§ **WHAT TO PRODUCE**
The expected output is every line from the one containing "2025 Land Rover Range Rover Autobiography" to the end of the data below, exactly, and no other line.

BEGIN AVAILABLE RECORDS

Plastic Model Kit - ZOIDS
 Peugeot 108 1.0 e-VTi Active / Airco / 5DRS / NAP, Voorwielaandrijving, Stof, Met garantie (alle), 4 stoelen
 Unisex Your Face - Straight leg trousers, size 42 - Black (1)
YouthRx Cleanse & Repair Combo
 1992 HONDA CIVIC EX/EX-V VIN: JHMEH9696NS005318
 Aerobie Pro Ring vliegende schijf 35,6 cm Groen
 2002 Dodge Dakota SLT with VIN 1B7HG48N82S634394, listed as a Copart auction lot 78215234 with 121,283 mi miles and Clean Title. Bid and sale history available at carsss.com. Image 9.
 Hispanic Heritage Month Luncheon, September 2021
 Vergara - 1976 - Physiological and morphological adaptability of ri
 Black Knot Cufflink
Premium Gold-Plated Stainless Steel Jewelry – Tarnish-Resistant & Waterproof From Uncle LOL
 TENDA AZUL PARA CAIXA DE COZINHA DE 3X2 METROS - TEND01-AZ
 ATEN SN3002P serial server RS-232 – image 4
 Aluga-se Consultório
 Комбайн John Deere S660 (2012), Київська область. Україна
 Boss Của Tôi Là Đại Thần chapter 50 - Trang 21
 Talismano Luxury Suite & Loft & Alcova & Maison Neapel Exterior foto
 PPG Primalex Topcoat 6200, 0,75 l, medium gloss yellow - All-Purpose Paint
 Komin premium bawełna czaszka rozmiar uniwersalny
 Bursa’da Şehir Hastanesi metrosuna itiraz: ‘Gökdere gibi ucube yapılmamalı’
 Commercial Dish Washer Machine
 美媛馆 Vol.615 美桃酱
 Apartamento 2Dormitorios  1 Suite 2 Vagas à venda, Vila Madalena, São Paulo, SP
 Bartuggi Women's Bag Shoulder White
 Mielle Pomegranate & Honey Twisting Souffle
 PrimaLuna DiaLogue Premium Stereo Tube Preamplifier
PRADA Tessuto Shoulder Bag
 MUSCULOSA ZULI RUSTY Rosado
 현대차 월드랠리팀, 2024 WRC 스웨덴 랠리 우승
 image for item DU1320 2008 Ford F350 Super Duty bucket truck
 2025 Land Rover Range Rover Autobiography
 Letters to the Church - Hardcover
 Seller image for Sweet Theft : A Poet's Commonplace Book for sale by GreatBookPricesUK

END AVAILABLE RECORDS

§ **ANSWER TO THIS TASK**
 2025 Land Rover Range Rover Autobiography
 Letters to the Church - Hardcover
 Seller image for Sweet Theft : A Poet's Commonplace Book for sale by GreatBookPricesUK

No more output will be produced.